**What the task asks:** Beginning with the line that contains "Pin dự phòng", retype the entries below exactly, ending with the line that contains "Valentine Cats Heart". Leave out any pictures.

**Record extracts:**
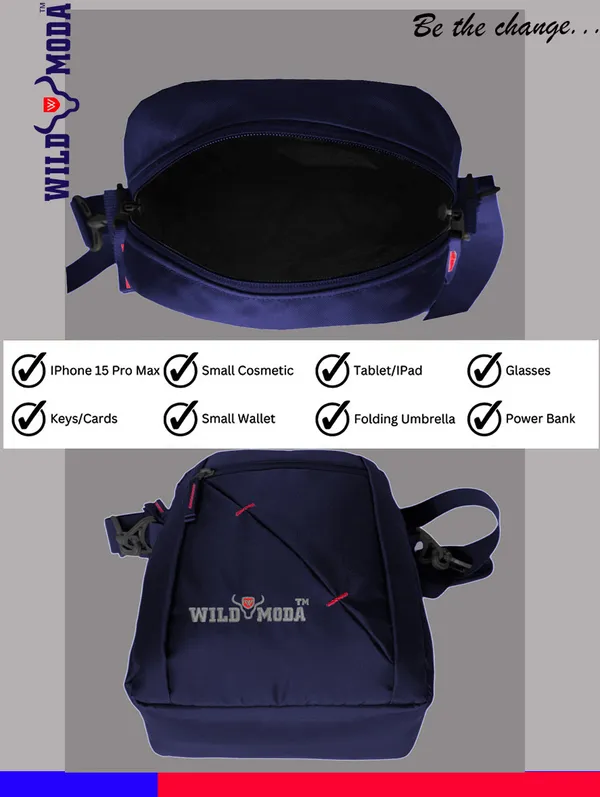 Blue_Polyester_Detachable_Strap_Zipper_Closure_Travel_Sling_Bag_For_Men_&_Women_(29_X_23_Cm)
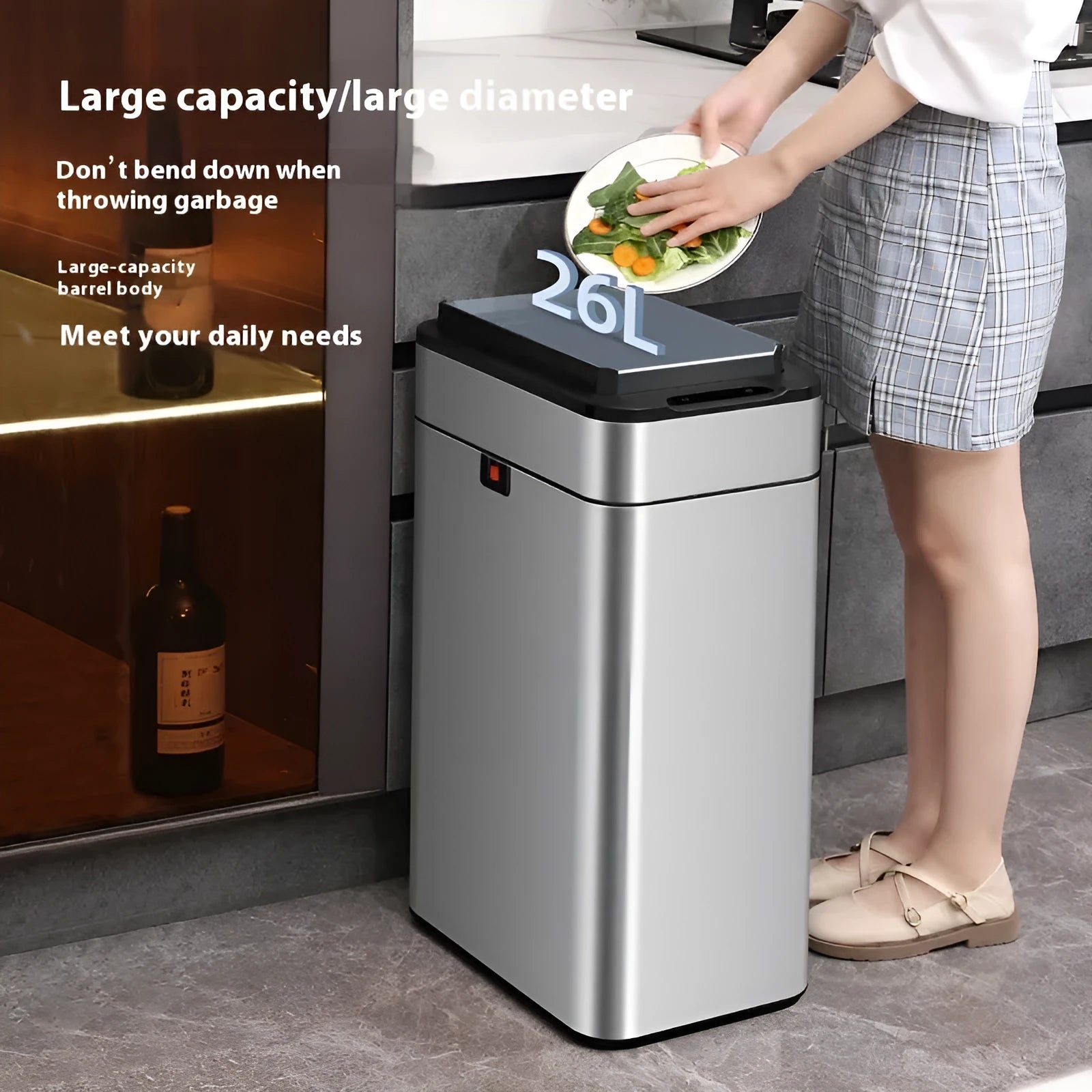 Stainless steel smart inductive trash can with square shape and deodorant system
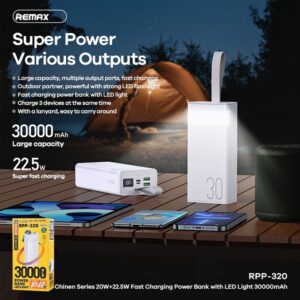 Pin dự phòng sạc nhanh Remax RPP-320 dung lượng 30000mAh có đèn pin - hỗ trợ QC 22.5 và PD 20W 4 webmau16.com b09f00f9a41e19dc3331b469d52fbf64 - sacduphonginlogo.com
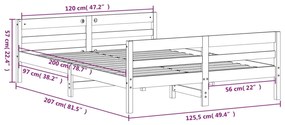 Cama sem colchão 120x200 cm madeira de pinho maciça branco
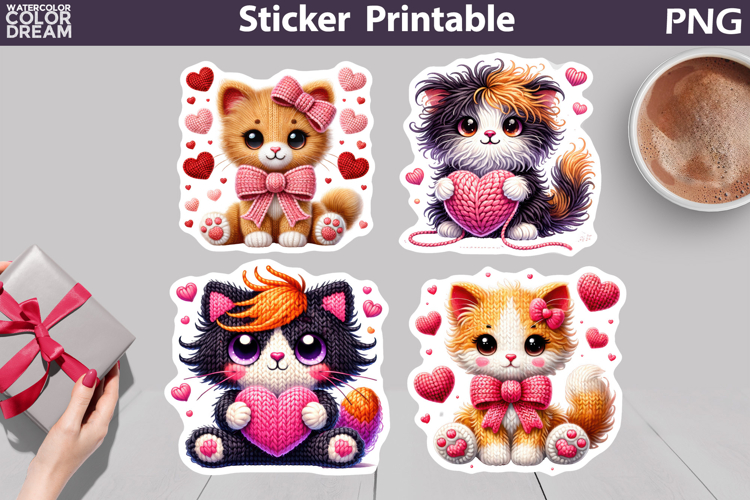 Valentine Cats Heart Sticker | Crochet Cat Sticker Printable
* * *
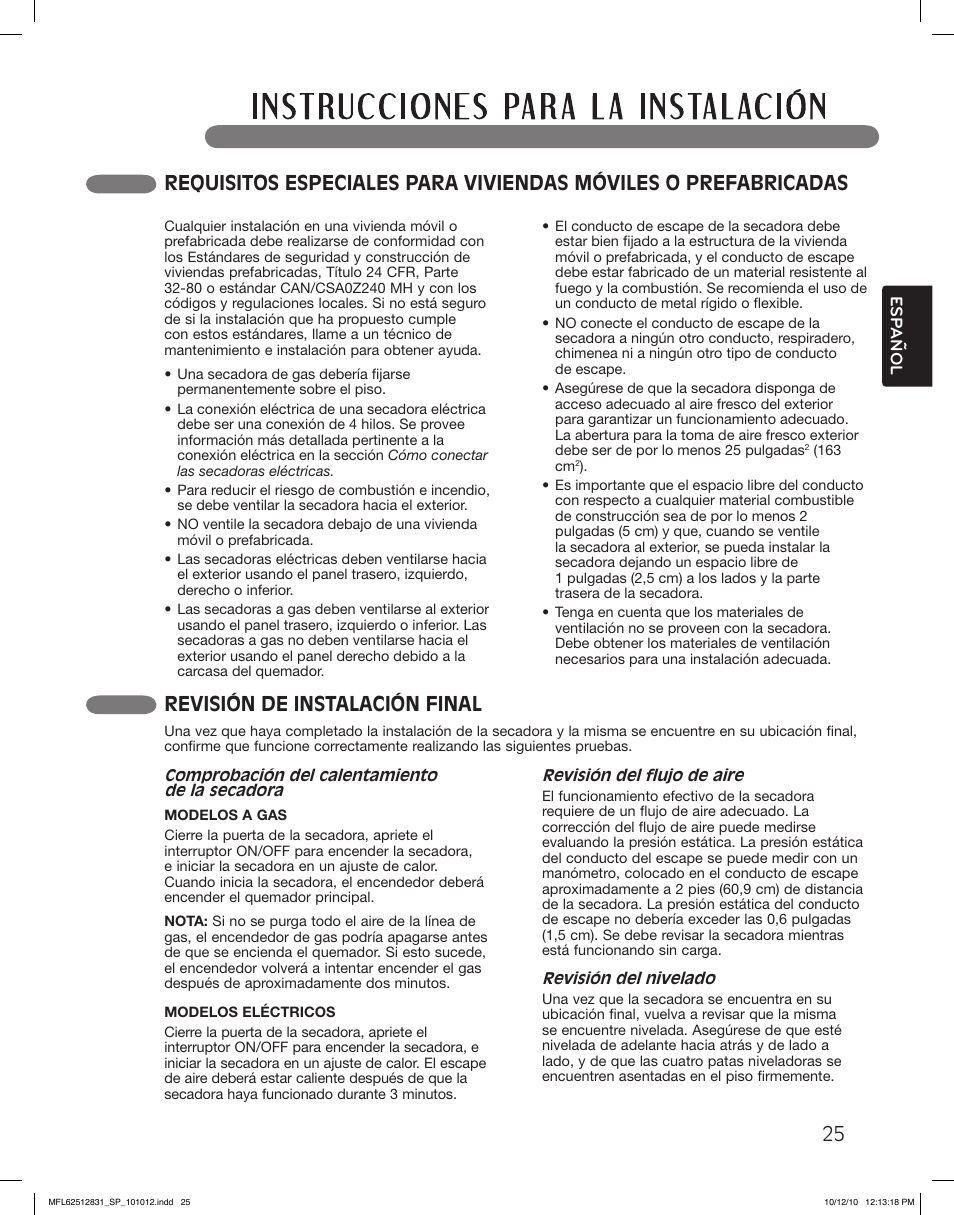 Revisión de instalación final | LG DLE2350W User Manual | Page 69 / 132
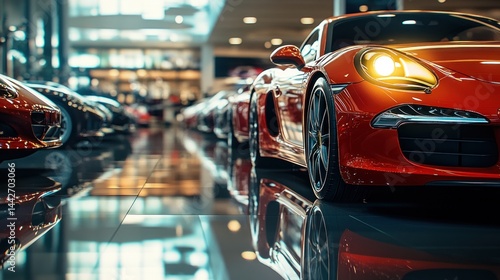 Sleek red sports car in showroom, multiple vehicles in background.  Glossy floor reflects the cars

**Reply:**
 Pin dự phòng sạc nhanh Remax RPP-320 dung lượng 30000mAh có đèn pin - hỗ trợ QC 22.5 và PD 20W 4 webmau16.com b09f00f9a41e19dc3331b469d52fbf64 - sacduphonginlogo.com
 Cama sem colchão 120x200 cm madeira de pinho maciça branco
 Valentine Cats Heart Sticker | Crochet Cat Sticker Printable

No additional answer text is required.